I don't know, I guess I'm the minority on this thread, but I don't want to get rid of 'post-racial'. Look, it's a clunky term and mildly offensive to non-white people, so as a white guy I'll try not to use it. But I actually think that 'post-racial' is a great description of the attitude that most people (especially white people) in this country need to strive for. Clearly we are never AS A SOCIETY going to become 'post-racial', as many people have pointed out that is impossible. But individual people can certainly be post-racial, if they simply do not notice people's race in their dealings with them. Maybe that seems impossible too, but for my younger brothers and sister it seems to be a reality. My sister is 17, goes (and this is a big key) to a diverse high school, and hangs out with kids of every stripe and skin color. She often talks to me about how she doesn't understand racism, not how people could be racist, she doesn't really understand the concept. Yes she's incredibly naive, but then again, she has as many black and latino and asian friends as she has white friends, so maybe she knows something I don't.
I resist the idea that 'post-racial' is meaningless because I feel we've come most of the way that we can go in our society in terms of legislating equality. There are still steps we can take, but there exists a point of diminishing returns, and it's become crystal clear that legislating people's individual choices re: race does nothing except backfire. In this context, I can't help but think that 'post-racial' is the best shot we (the royal we, but focusing on white people) have for escaping the label 'racist'. That's why I'm not willing to give up on it, and I'd like to hear what some of these commenters, or even TNC himself, think should replace "post-racial" as a term for the racial and integrative goals of American society.
I just want to correct my post: I read Sowell's Race and Economics, not The Economics of Race.

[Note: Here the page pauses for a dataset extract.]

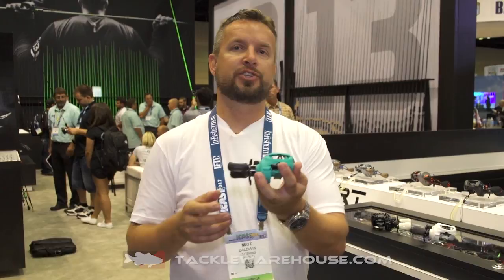My name is Matt Baldwin. I'm the director of the reel program at 13 Fishing. We brought you the brand new Origin A and Origin C at the Bassmaster Classic, and here we are at ICAST showing off the brand new saltwater specific Origin TX.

I was about to post when OGWiseman took the words right out of my mouth. I also think that "postracial" is an ideal worth shooting for. Clearly its not the dominant reality. But I wonder what the objection to the term rests on? Is it that it doesn't reflect reality--that is suggests that race isn't an issue anymore and we're done with racism, when that obviously isn't the case? That I can understand. But I also wonder if the idea of the post-racial is threatening to institutions and people that are heavily invested in racial identity and identity politics, despite (or because of?) the fact that this racial identity was originally externally imposed and all tied up in oppression.